Speaking of running out of things, the FHA is running out of cash and may require – you guessed it, a bailout from the government. Oh yes, the housing market is still in trouble and there is fear they can’t cover loans due to growing unemployment. The critical quote of the piece:
The FHA’s cash reserves have plummeted to $3.6 billion, compared with $685 billion in outstanding insured loans - a ratio of 0.53 percent that is far below the 2 percent required by Congress and a fraction of the 6.4 percent reserve ratio in fiscal 2007.
Banks are usually closed down if they have that kind of ratio, so this is not good. With no signs of unemployment going down, we’ll be seeing more of these loans defaulting. So there will be a bailout using tax payers’ money. Except we don’t have enough because revenues are down. But China will loan us the money, right?
Well, China is not very happy with the US right now. They rightly have figured out that the weak dollar and low interest rates have dangerously ballooned stocks and property investments. What we don’t need is more bubbles that will burst and that is precisely what we are getting.
Not that China is really helping things themselves. Ambrose Evans-Pritchard has an interesting and somewhat alarming commentary on the problems surrounding China’s exporting overcapacity. We have too much supply and not enough demand from them so they are not taking up the slack from the West. Read it.
Fears of a double dip recession abound, but I still think we never came out of it in the first place. It was just a plateau in the fall and we are going to see darker days before anything truly gets better.
One kind of darkness has already fallen on Australia. They went with a cap and tax scheme to lower carbon emissions and electricity prices skyrocketed. People can’t afford their bills and are being cut off with retirees being hit hardest. That will strangle their economy in no time flat. Right now they are experiencing what we will if similar legislation is enacted.
I wish I had good news to report.
Saturday, November 07, 2009
Weekend Links: The Economy
First off, official unemployment hit 10.2% after October’s figures came in. This indicates things are getting worse for the American worker – not better. Ed Morrisey at Hot Air has an excellent post on it including an updated Romer graph of what the stimulus promised to do versus what actually happened. We are off the chart now. Also from Ed is a post with links of what jobs were really saved by the stimulus, starting with California. Hint: the state & federal governments aren’t honest.

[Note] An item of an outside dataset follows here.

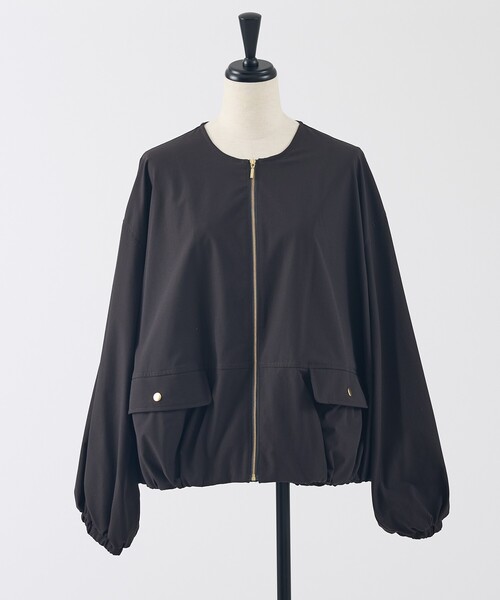 collex（コレックス）の「2WAYボリュームスリーブジップアップブルゾン（ブルゾン・レディース・チャコールグレー/ブラウン・フリー）」の4枚目の写真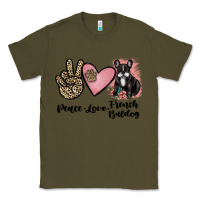 Army Green peace love french bulldog Classic Tee - JahusDesignShop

Doesn’t get much more pointed than what India’s finance minister said when their central bank bought 200 tons of gold in order to reduce dollar holdings. What did he say about the economies of Europe and the US? That they had “collapsed.” Asian countries are running from the US dollar now.
Makes the wrangling over how much to increase health care look silly if there won’t be any money at all. Still, the Republican health care plan was rolled out Wednesday after having the CBO (Congressional Budget Office) go over the figures. It would actually reduce the deficit by $68 million over a ten year span. Sounds good compared to the trillion dollar increase in debt from ObamaCare. Still, how will any of it be paid for? There is no answer on that, because there is no way to!
UPDATE: I was wrong, the Democrats plan isn't a trillion dollar outlay, but $3,000,000,000,000 plus over 10 years according to the CBO! The Heritage foundation estimate comes in at $2.4 to 2.6 trillion. This is insane.